## [TASK DIRECTIONS]
Reproduce word for word every line from the one containing "LEATHER UGIE BOOT 6391 - BLACK" to the final line of the data below; omit the pictures.
☆ ☆ ☆
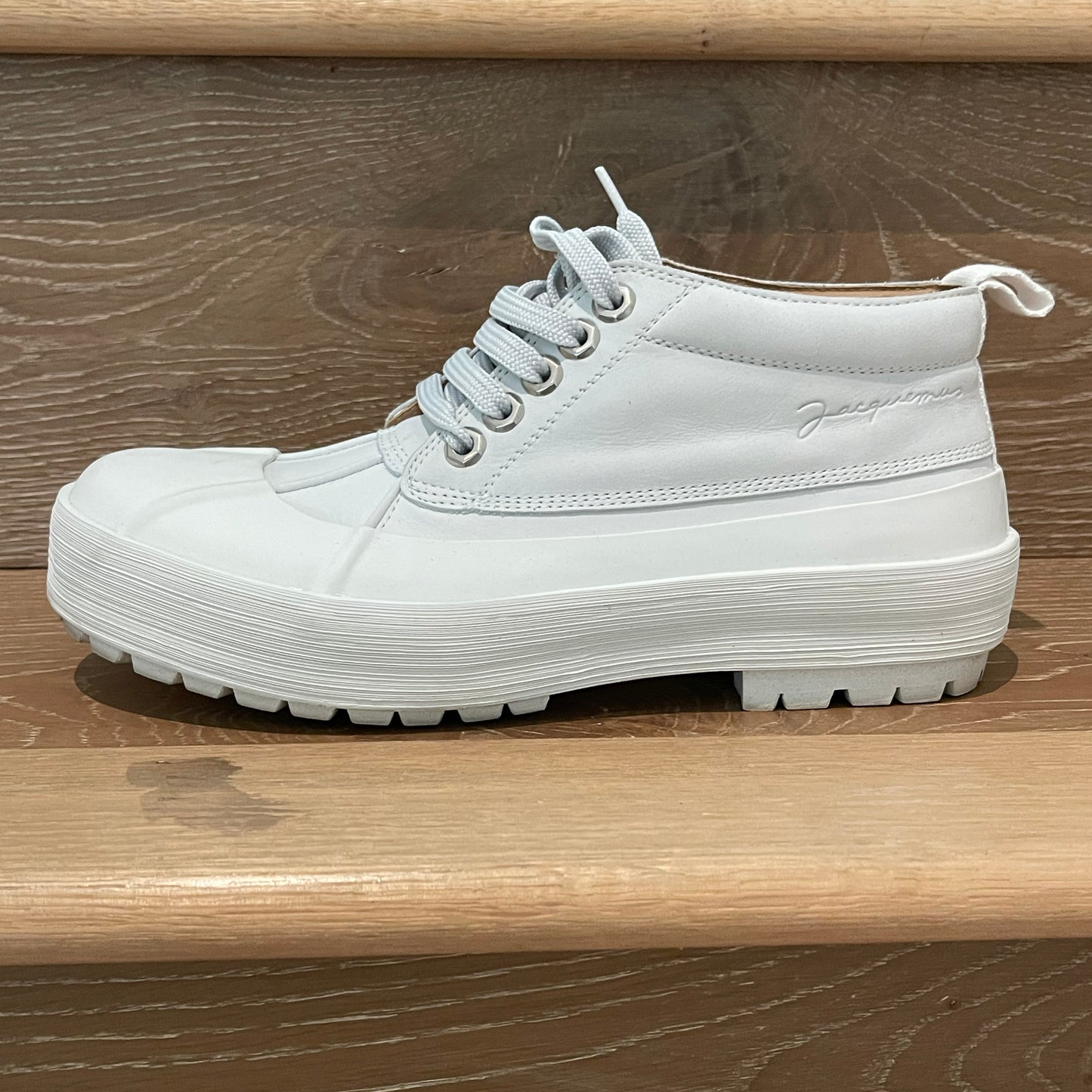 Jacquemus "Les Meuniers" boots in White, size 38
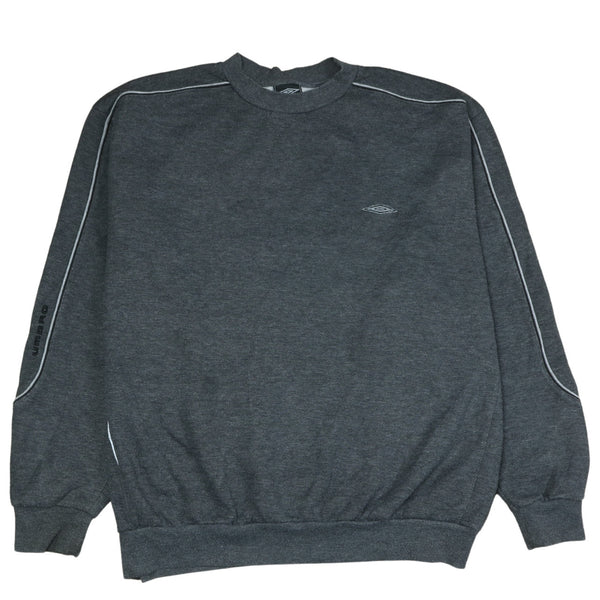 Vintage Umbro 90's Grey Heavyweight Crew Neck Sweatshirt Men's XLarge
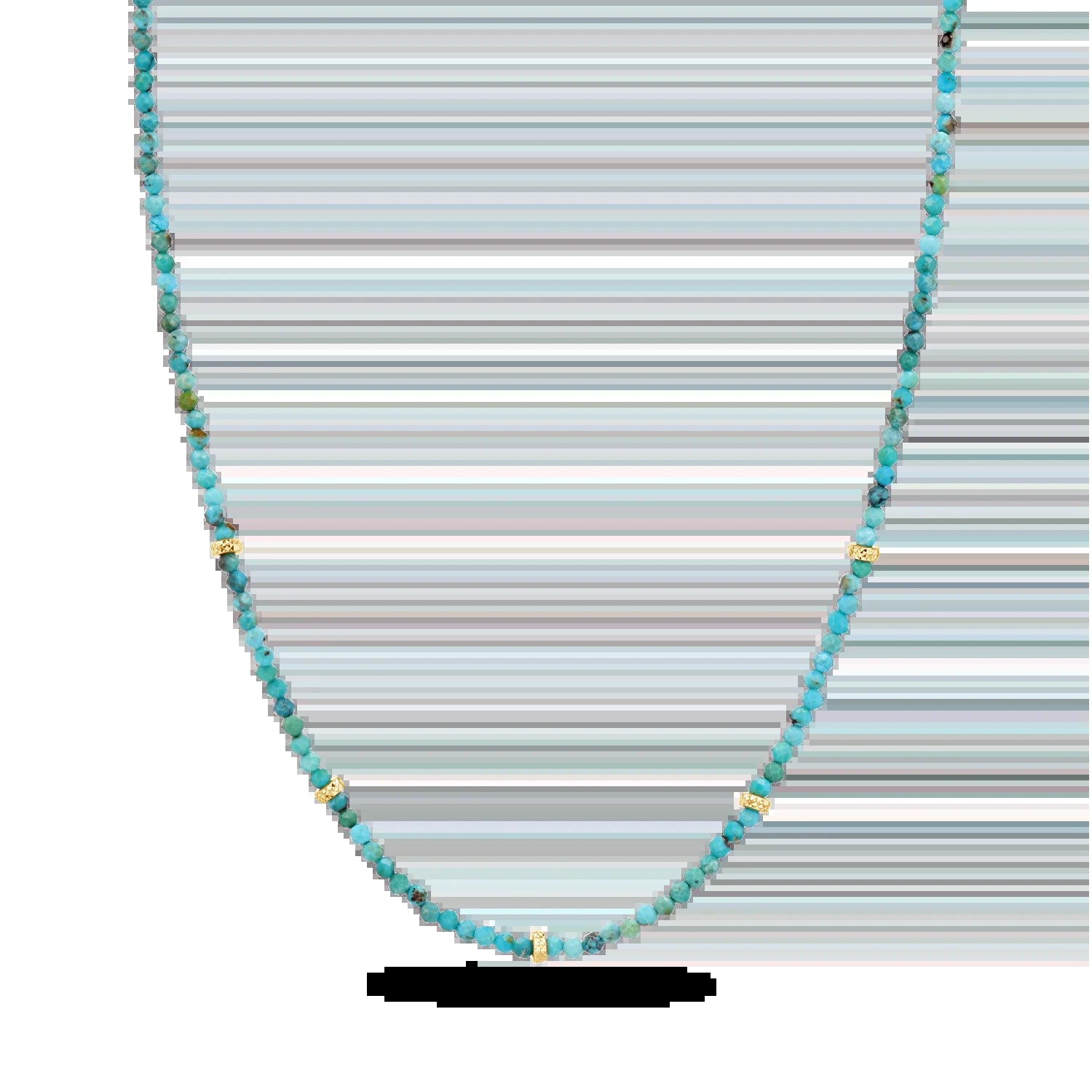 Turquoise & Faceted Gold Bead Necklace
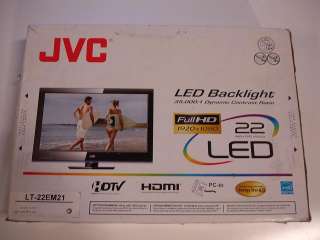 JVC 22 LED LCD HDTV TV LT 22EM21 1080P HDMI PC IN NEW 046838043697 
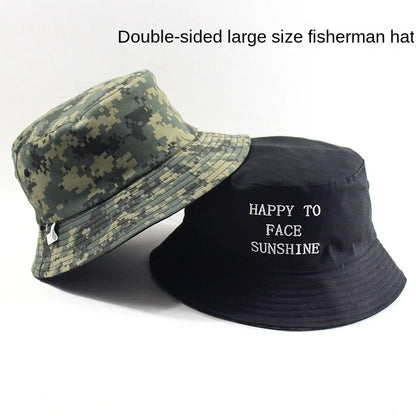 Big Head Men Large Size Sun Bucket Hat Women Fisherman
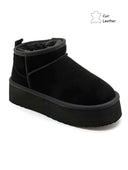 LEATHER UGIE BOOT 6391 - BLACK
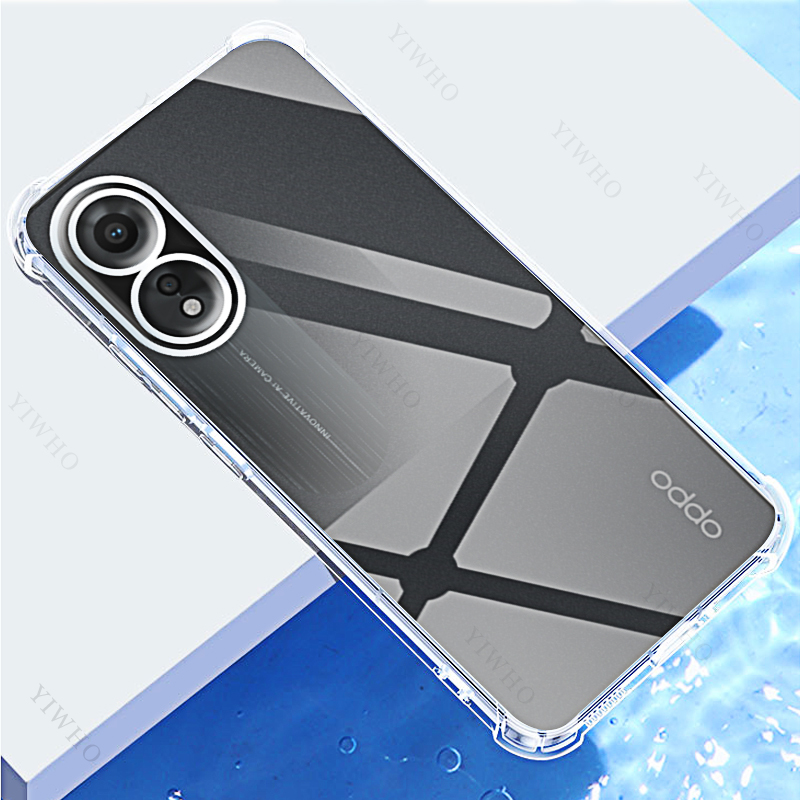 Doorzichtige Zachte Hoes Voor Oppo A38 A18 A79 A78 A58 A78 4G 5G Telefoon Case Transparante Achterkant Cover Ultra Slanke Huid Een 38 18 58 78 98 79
☆ ☆ ☆
## [ANSWER SECTION]
 LEATHER UGIE BOOT 6391 - BLACK
 Doorzichtige Zachte Hoes Voor Oppo A38 A18 A79 A78 A58 A78 4G 5G Telefoon Case Transparante Achterkant Cover Ultra Slanke Huid Een 38 18 58 78 98 79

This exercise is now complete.